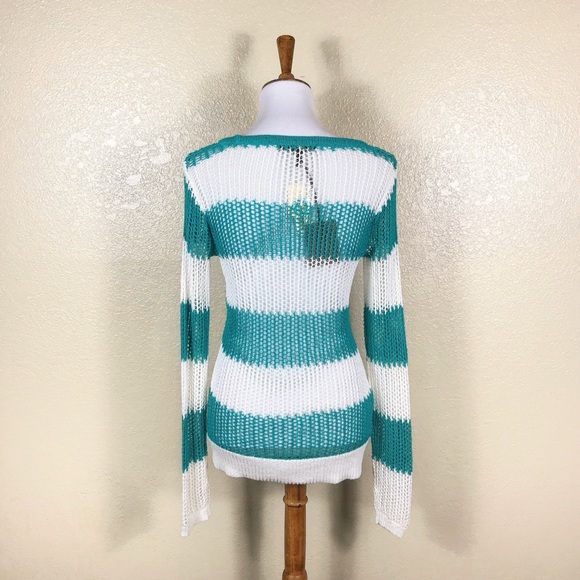 Tommy Bahama Beale Ming Jade Bold Stripe Open Knit Pullover Size Small - Picture 2 of 9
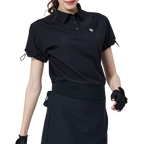 カジュアルな長袖のゆったりとしたレディース半袖トップス（ブラック）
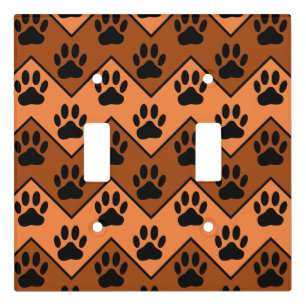 Orange And Brown Chevron With Dog Paw Pattern Light Switch Cover
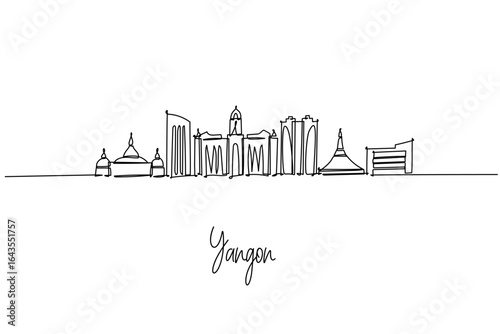 Elegant one line drawing of Yangon, Myanmar city skyline, featuring Shwedagon and Sule pagodas, colonial facades, and modern towers; a city skyline concept themed around Yangon culture and travel.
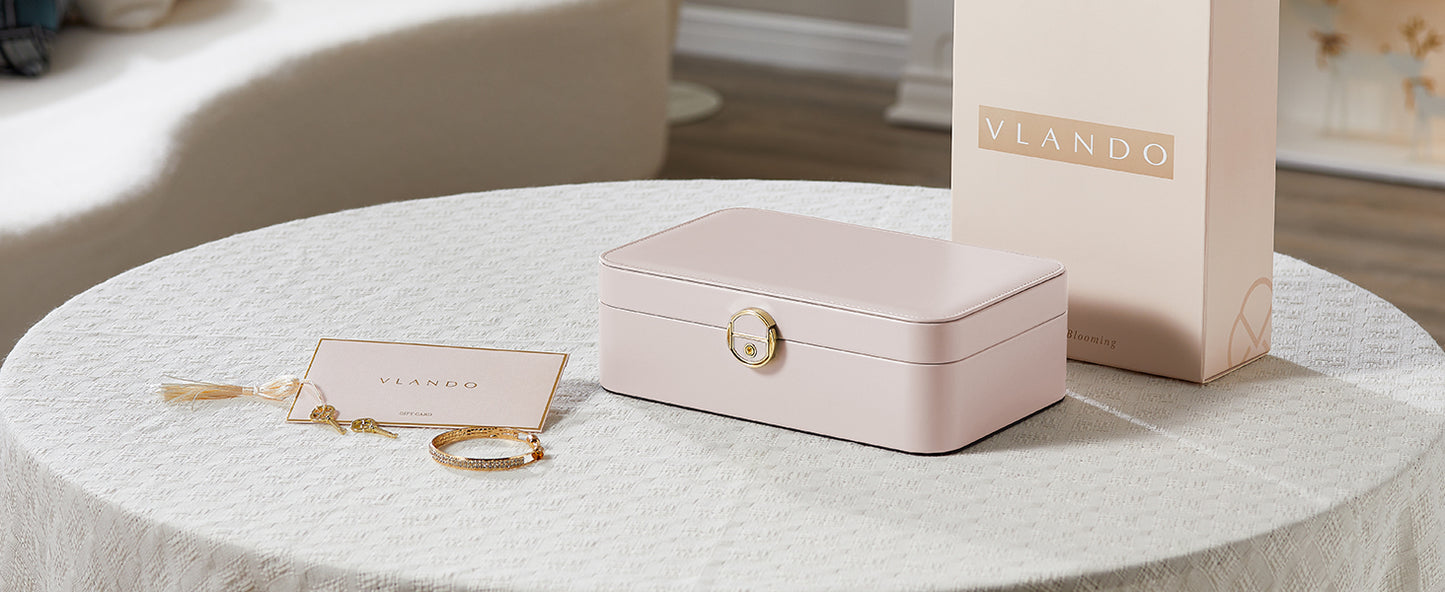Vlando Jewelry Box Organizer for Women Girls, 2 Layer Jewelry Case with Lock,Jewelry Storage Earrings Necklace,Rings,Gift for Teachers Wedding Birthday Gifts-Cream White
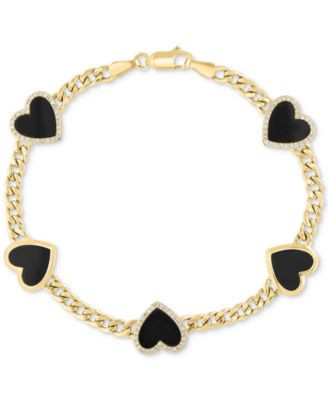Effy Onyx (9 x 8-1/2 mm) & Diamond (1/4 ct. t.w.) Heart Flex Bracelet in 14k Gold Over Silver - Onyx | Macy's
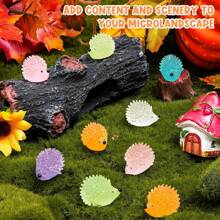40PCS Glowing Mini Resin Hedgehog Cute Mini Hedgehog Image Glow-In-The-Dark, Tiny Resin Hedgehog Animals For Dollhouse Miniature Landscape Gardening Fish Tank Aquascape DIY Home Outdoor Decorations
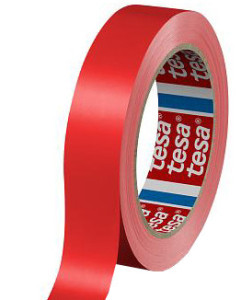 tesa Ruban adhésif d'emballage 60404, 6 mm x 66 m, rouge
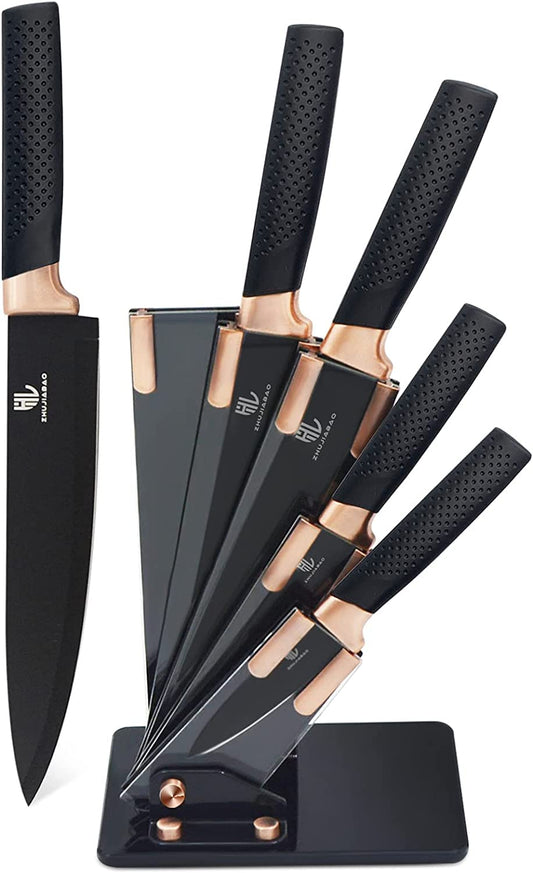 HL zhujiabao Black Kitchen Knife Block Set with Acrylic Stand 6PCS Professional Stainless Steel Chef Knife Set with Non-stick Coating and ultra-sharp Knife Block Set as a gift for men and women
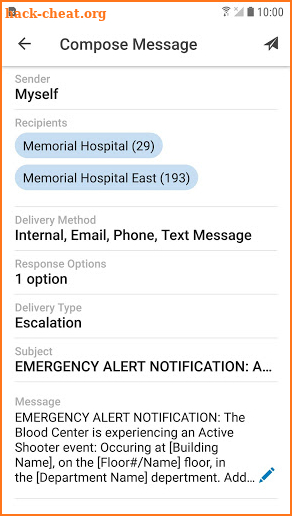 CORES Messages screenshot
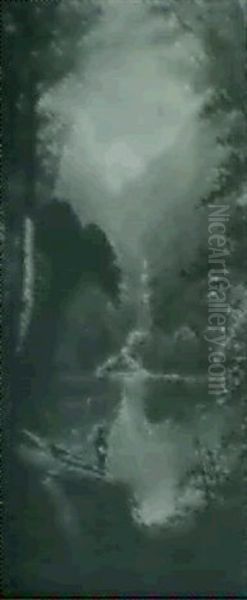 Hiker By A Waterfall - view 1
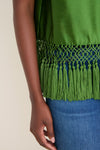 Green Dupioni Chadwick Tassel Top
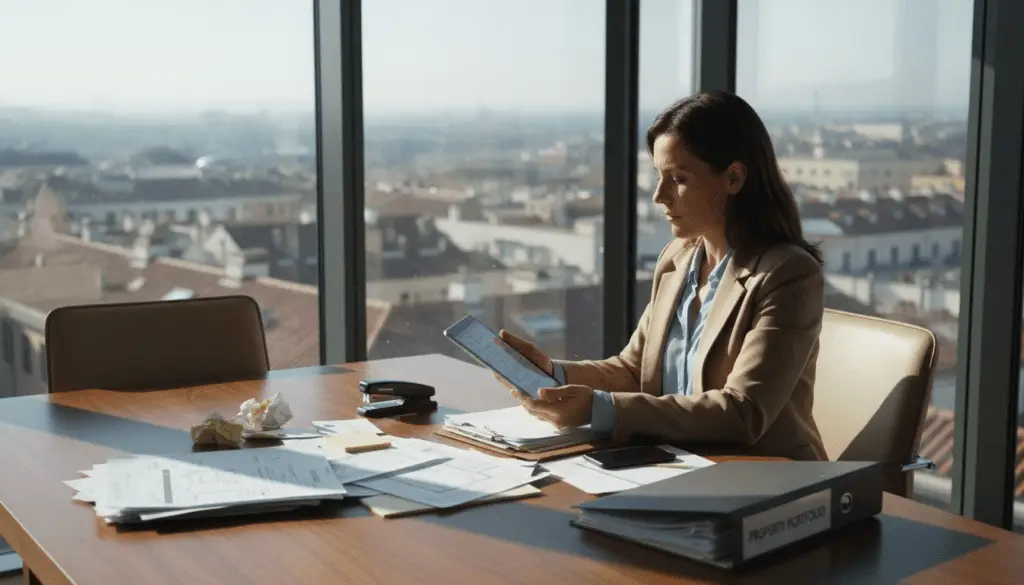 Property manager reviewing EPC documentation at conference table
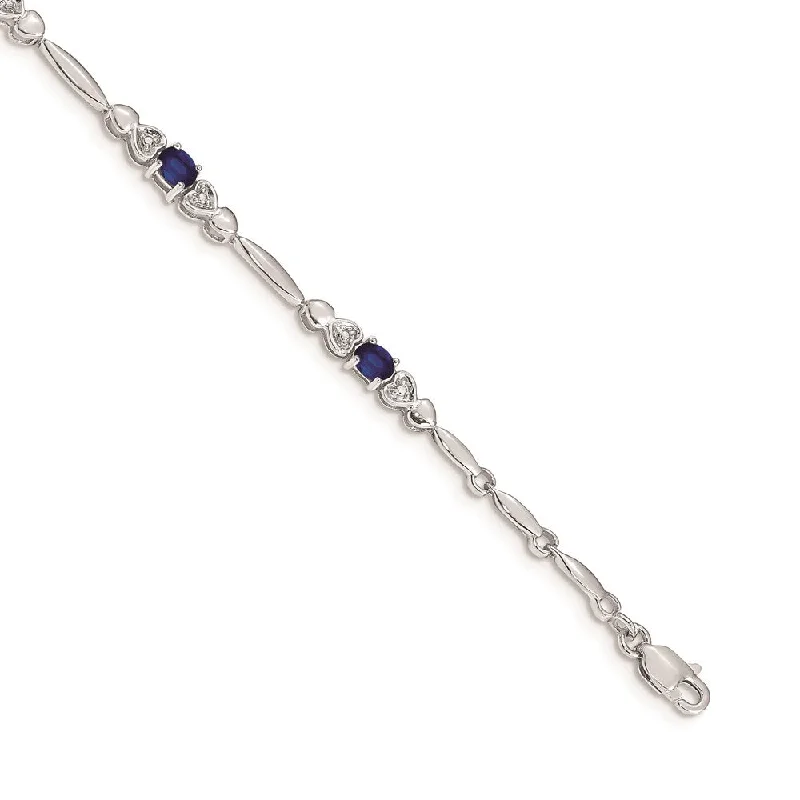 Women’s luxury bracelets-14k White Gold Diamond and Sapphire Bracelet-WBC-BM4479-SA-001-WA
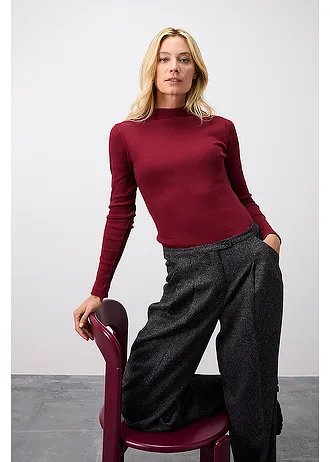 Hosszú ujjú póló bordás anyagból • rubinvörös • bonprix áruház
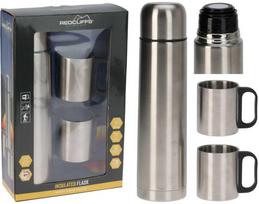 Excellent Houseware TOURIST termosas 1L su 2 puodeliais, sidabrinis (Silver)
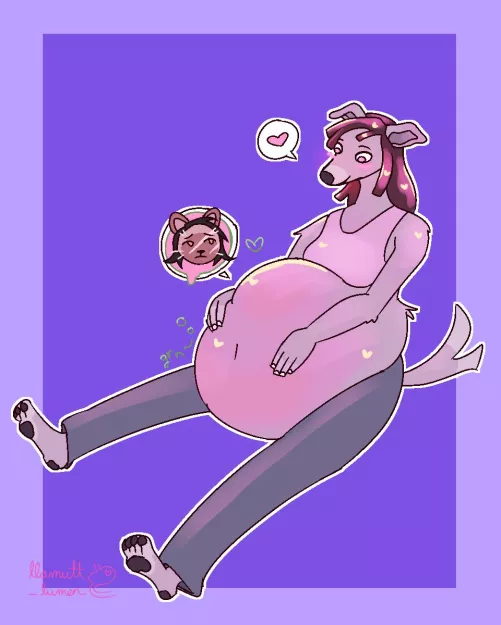 {image} Stay with me (llamutt_lumen) [furry] [F/f] [female dog pred] [semi unwilling cat prey]  by llamutt_lumen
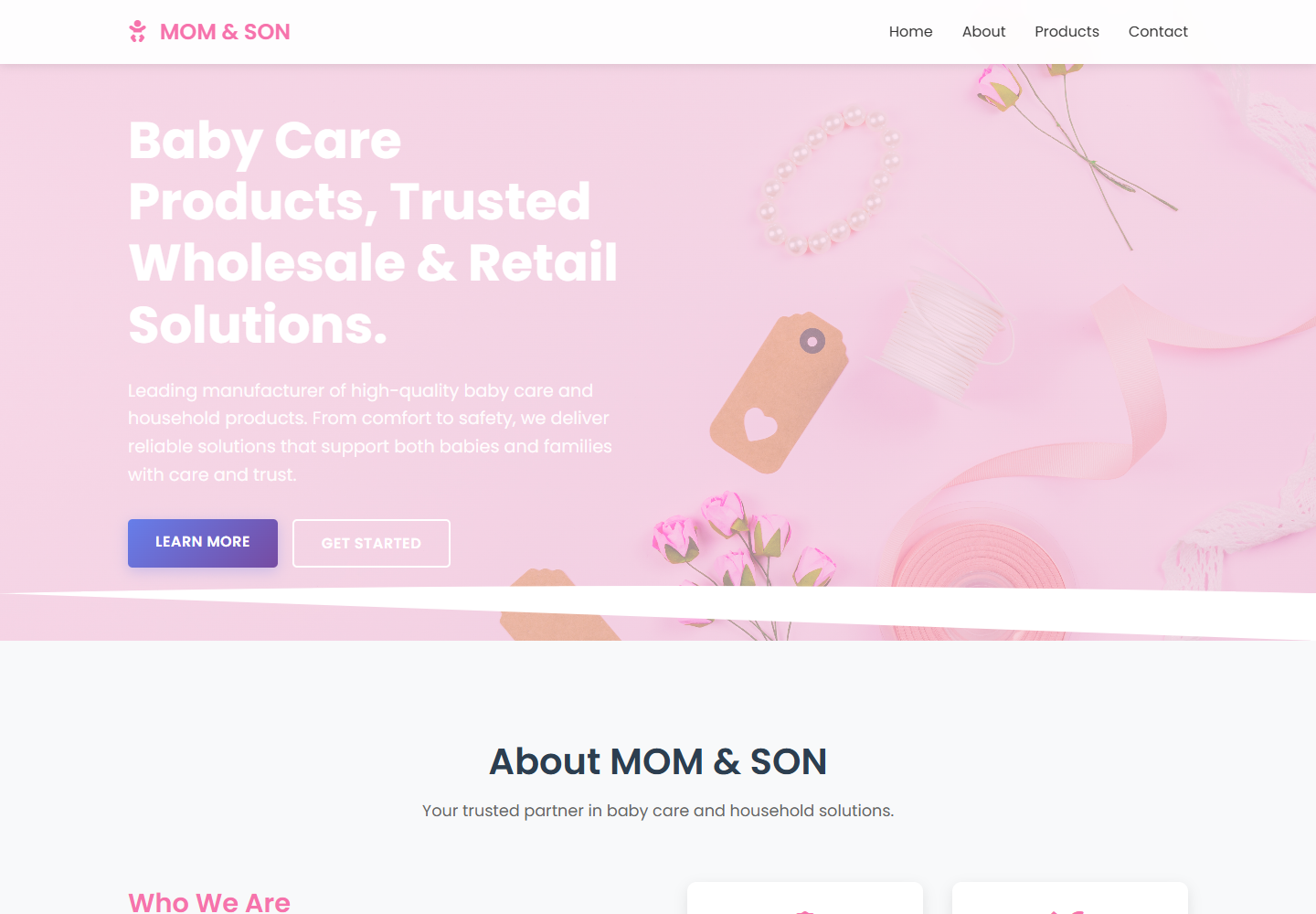 Mom and Son homepage screenshot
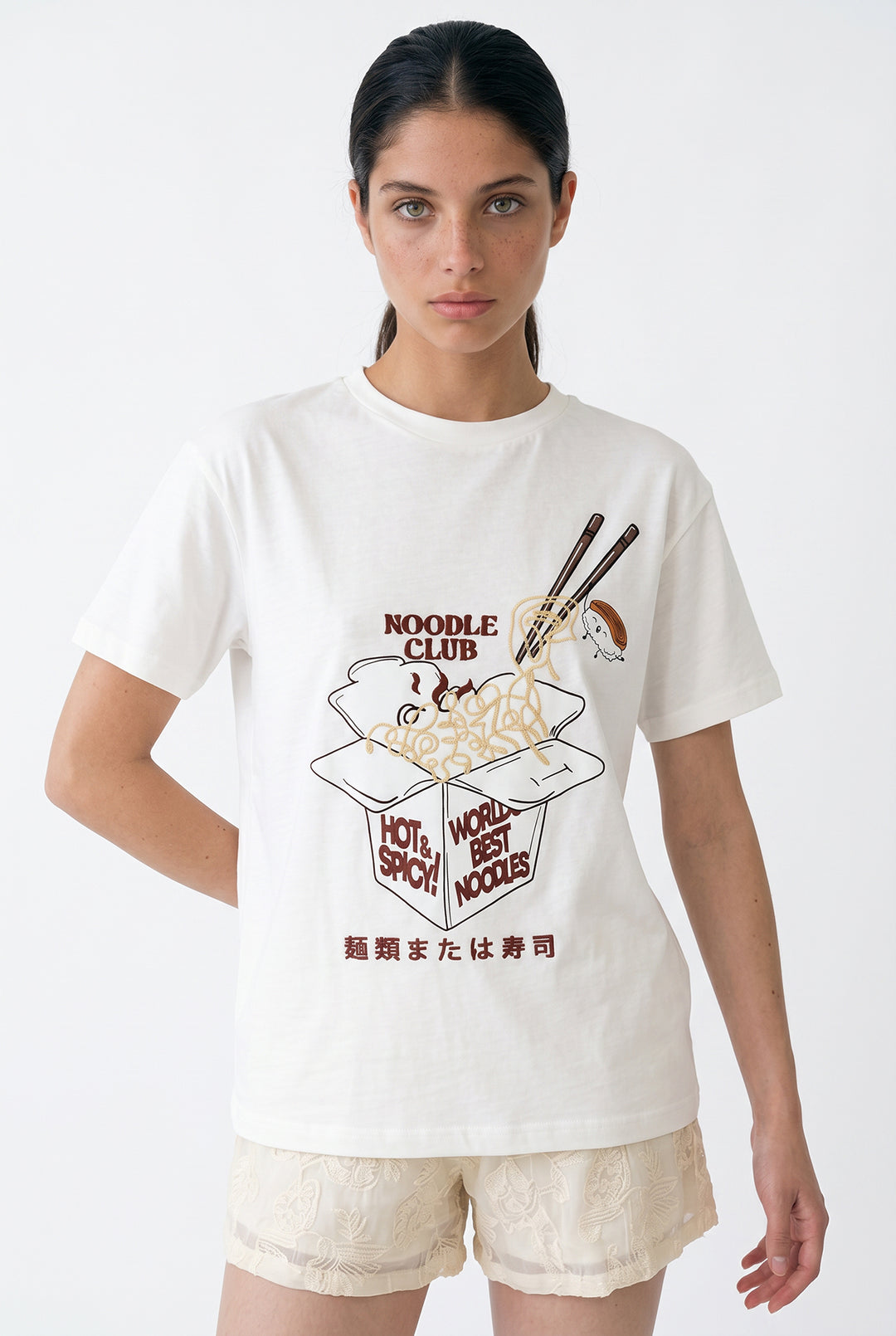 Noodle Nakışlı Baskılı Tişört Ekru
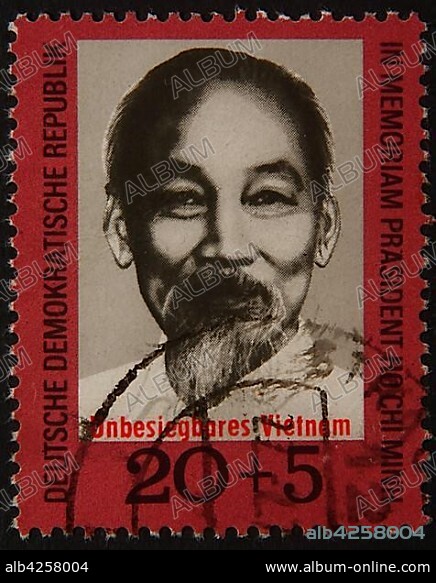 Ho Chi Minh, a Vietnamese Communist revolution leader, portrait on a DDR stamp, Germany, Europe.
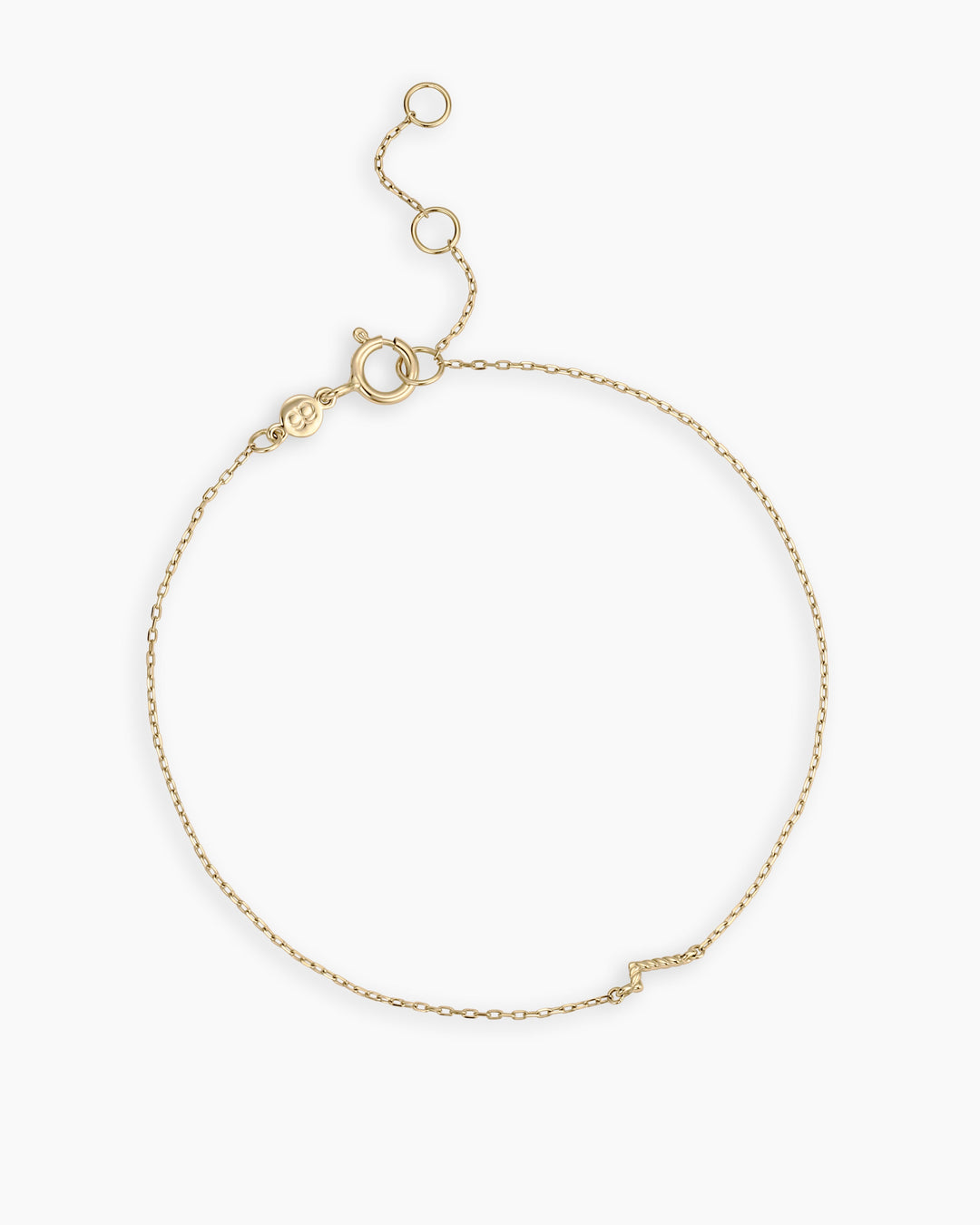 14k Gold Crew Alphabet Bracelet || option::14K Solid Gold, L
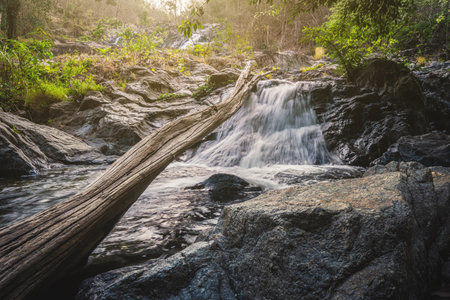 Khlong Nam Lai Waterfall, Beautiful waterfalls in klong Lan national park of Thailandの写真素材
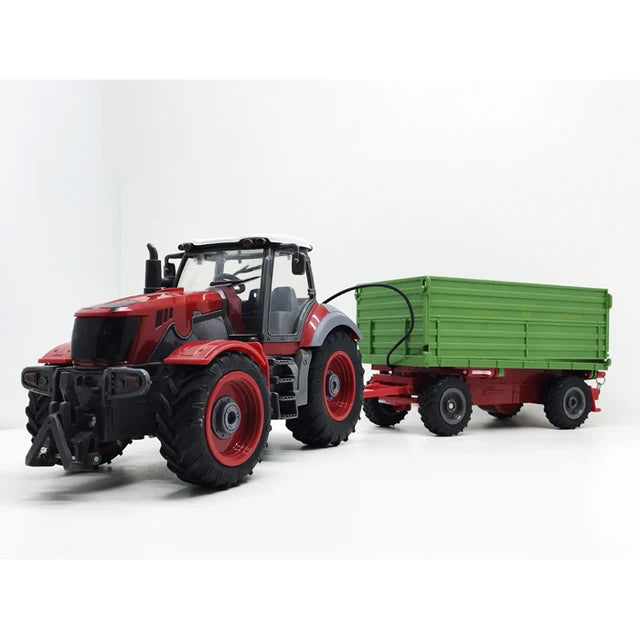 Coche teledirigido con Tractor agrícola a escala 1:28, camión volquete con Control remoto de 2,7 MHz, perfecto para regalos de cumpleaños para niños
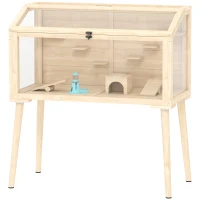 PawHut Wooden Hamster Cage, Hamster Habitat with Openable Top, Seesaws, Platforms, Water Bottle for Gerbils, 43.3"x20.5"x39.8"(m-2)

---+---

## WHAT YOU SHOULD DO
Every line between the start of the listing and the line containing "Khlong Nam Lai", both ends counted, needs to be printed exactly, minus the pictures.

## ANSWER SPACE
 Tommy Bahama Beale Ming Jade Bold Stripe Open Knit Pullover Size Small - Picture 2 of 9
 カジュアルな長袖のゆったりとしたレディース半袖トップス（ブラック）
 Orange And Brown Chevron With Dog Paw Pattern Light Switch Cover
 Elegant one line drawing of Yangon, Myanmar city skyline, featuring Shwedagon and Sule pagodas, colonial facades, and modern towers; a city skyline concept themed around Yangon culture and travel.
Vlando Jewelry Box Organizer for Women Girls, 2 Layer Jewelry Case with Lock,Jewelry Storage Earrings Necklace,Rings,Gift for Teachers Wedding Birthday Gifts-Cream White
Effy Onyx (9 x 8-1/2 mm) & Diamond (1/4 ct. t.w.) Heart Flex Bracelet in 14k Gold Over Silver - Onyx | Macy's
40PCS Glowing Mini Resin Hedgehog Cute Mini Hedgehog Image Glow-In-The-Dark, Tiny Resin Hedgehog Animals For Dollhouse Miniature Landscape Gardening Fish Tank Aquascape DIY Home Outdoor Decorations
 tesa Ruban adhésif d'emballage 60404, 6 mm x 66 m, rouge
 HL zhujiabao Black Kitchen Knife Block Set with Acrylic Stand 6PCS Professional Stainless Steel Chef Knife Set with Non-stick Coating and ultra-sharp Knife Block Set as a gift for men and women
 CORES Messages screenshot
 Hiker By A Waterfall - view 1
 Green Dupioni Chadwick Tassel Top
 Property manager reviewing EPC documentation at conference table
 Women’s luxury bracelets-14k White Gold Diamond and Sapphire Bracelet-WBC-BM4479-SA-001-WA
 Hosszú ujjú póló bordás anyagból • rubinvörös • bonprix áruház
 Excellent Houseware TOURIST termosas 1L su 2 puodeliais, sidabrinis (Silver)
 {image} Stay with me (llamutt_lumen) [furry] [F/f] [female dog pred] [semi unwilling cat prey]  by llamutt_lumen
 Mom and Son homepage screenshot
 Noodle Nakışlı Baskılı Tişört Ekru
 Ho Chi Minh, a Vietnamese Communist revolution leader, portrait on a DDR stamp, Germany, Europe.
 14k Gold Crew Alphabet Bracelet || option::14K Solid Gold, L
 Khlong Nam Lai Waterfall, Beautiful waterfalls in klong Lan national park of Thailandの写真素材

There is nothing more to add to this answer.